What the task requires: Print every line of the material below exactly as it stands, but omit the pictures.

Collected data:
== Segment start ==

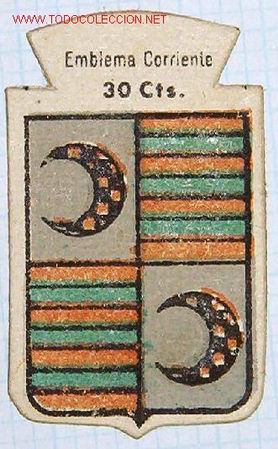 Militaria: Cartoncito de Auxilio Social.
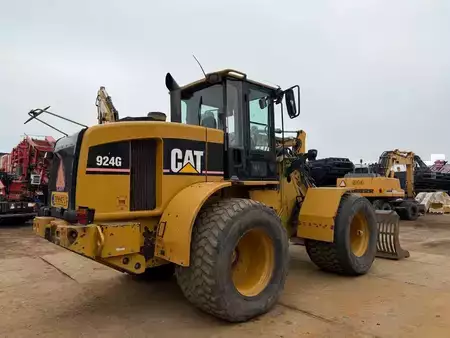 Hjullastare 2006 Caterpillar 924 G (5)
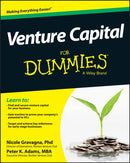 Venture Capital For Dummies-9781118642238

== Segment end ==

Answer to this task:
 Militaria: Cartoncito de Auxilio Social.
 Hjullastare 2006 Caterpillar 924 G (5)
 Venture Capital For Dummies-9781118642238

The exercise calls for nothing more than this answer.